Proposition 2.  For any regular expression denoting a language L, the 
A_L associated to L by Proposition 1 is finite, with a number of states 
at most exponential in the size of the regular expression, and can be 
obtained from the regular expression in time at most quadratic in the 
size of A_L.

Corollary.  Equivalence of regular expressions is decidable in 
exponential time.  (Meyer and Stockmeyer obtained in 1974 the tighter 
result that the problem is PSPACE-complete.)

To show Proposition 1, take an infinite tree T all of whose vertices are 
of out-degree the cardinality s of the alphabet S.  All are of in-degree 
1 save the root vertex which is of in-degree zero.  There are no 
leaves---all paths are infinite.

Label the s edges leaving each vertex of T with the respective s letters 
of S.

Label the vertices of T with words from S* according to the labels on 
the path to that vertex from the root.  Thus the root will be labeled 
epsilon (the empty word), the s vertices immediately below the root will 
be labeled with the s one-letter words, and the s^n vertices n levels 
below the root will be labeled with the s^n n-letter words, for all 
natural numbers n (which is why every path from the root must be infinite).

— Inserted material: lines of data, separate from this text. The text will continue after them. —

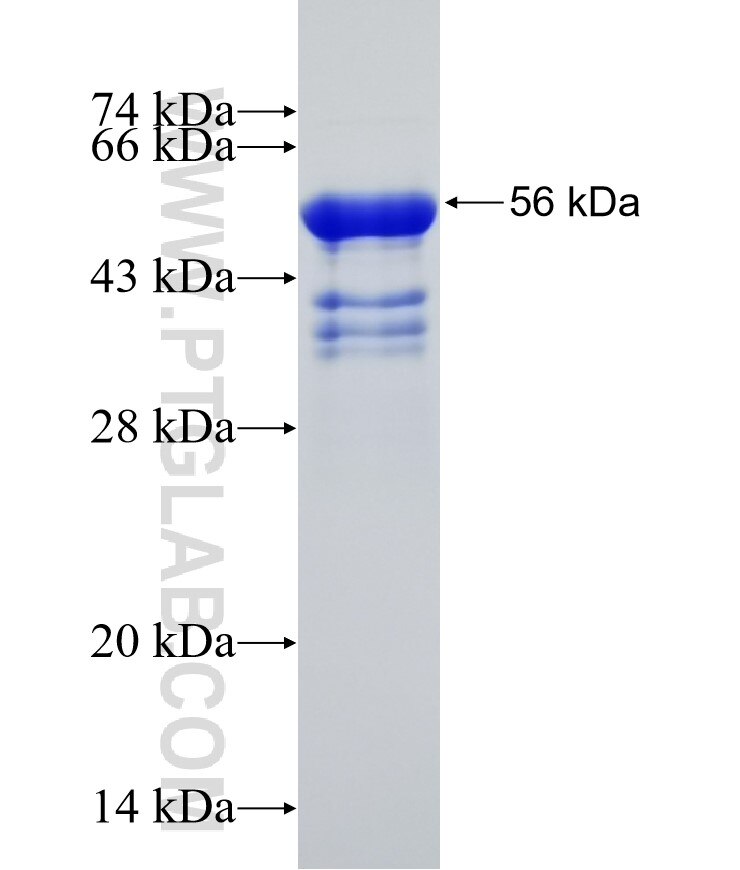 TSC1 fusion protein Ag31621 SDS-PAGE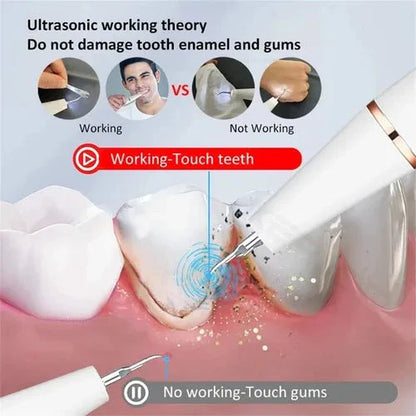 Smart Ultra-Sonic Teeth Cleaner | Home Tartar & Plaque Remover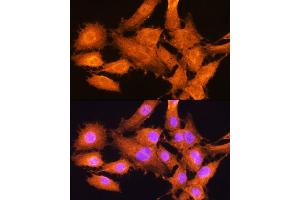 Immunofluorescence analysis of C6 cells using AIRE Rabbit pAb (ABIN3022514, ABIN3022515, ABIN3022516 and ABIN6218869) at dilution of 1:100. (AIRE 抗体  (AA 30-130))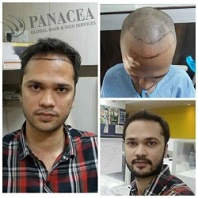 Hair Transplant Repair Before and After Result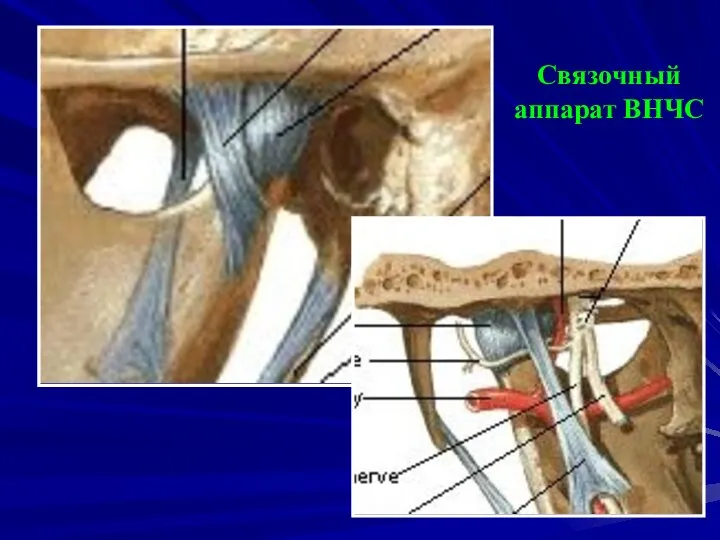 Связочный аппарат ВНЧС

Make T an automaton by taking its start state to be the root vertex of T 
and its set of final states to be the vertices of T labeled with members 
of L.

It should be clear that T is a deterministic automaton accepting L.  (It 
is in fact the initial such in a suitable category of all such.)

Now associate to every vertex v of T the language w\L defined as the set 
of those words x in S* such that wx is in L, where w is the word 
labeling v per the above procedure.  Call two vertices with labels v and 
w *equivalent* when v\L = w\L, that is, when the two subtrees with 
respective roots v and w are made equivalent automata by taking the 
respective subtree's root to be the start state in each case.  (The 
final states remain marked as originally.)

One can now show that the automaton obtained by identifying equivalent 
vertices is the final automaton A_L in the category of all deterministic 
automata accepting L.  Finality establishes the canonical property 
promised by Proposition 1.

Both the meaning and significance of finality for A_L is that *any* 
automaton accepting L can be turned into A_L by identifying states. 
This is key to the last stage of the construction in Proposition 2.

It is further the case that A_L as defined above is finite if and only 
if L is regular.  (The initial automaton is always infinite as long as S 
is nonempty, the usual though not necessary assumption in automata 
theory.)  This automaton is the canonical deterministic finite state 
automaton A_L recognizing L, as promised by Proposition 1.  (It is also 
the minimal deterministic such, subject to a remark below.)

Proposition 2 is shown by a series of standard reductions.  First 
transform the regular expression into a nondeterministic finite state 
automaton A.  (The end product should have no epsilon transitions; a 
popular two-step approach first produces one with epsilon transitions 
and then eliminates them, but it can also be done in one step.)  Then 
"determinize" A by taking the set of states of A' to be the power set 
2^Q of the set Q of states of A.  Exercise: given a subset X of Q, 
determine the unique subset Y of Q that the transition from X labeled s 
must go to.  Then determine which subsets of Q should be the final 
states of A' and which the start state of A'.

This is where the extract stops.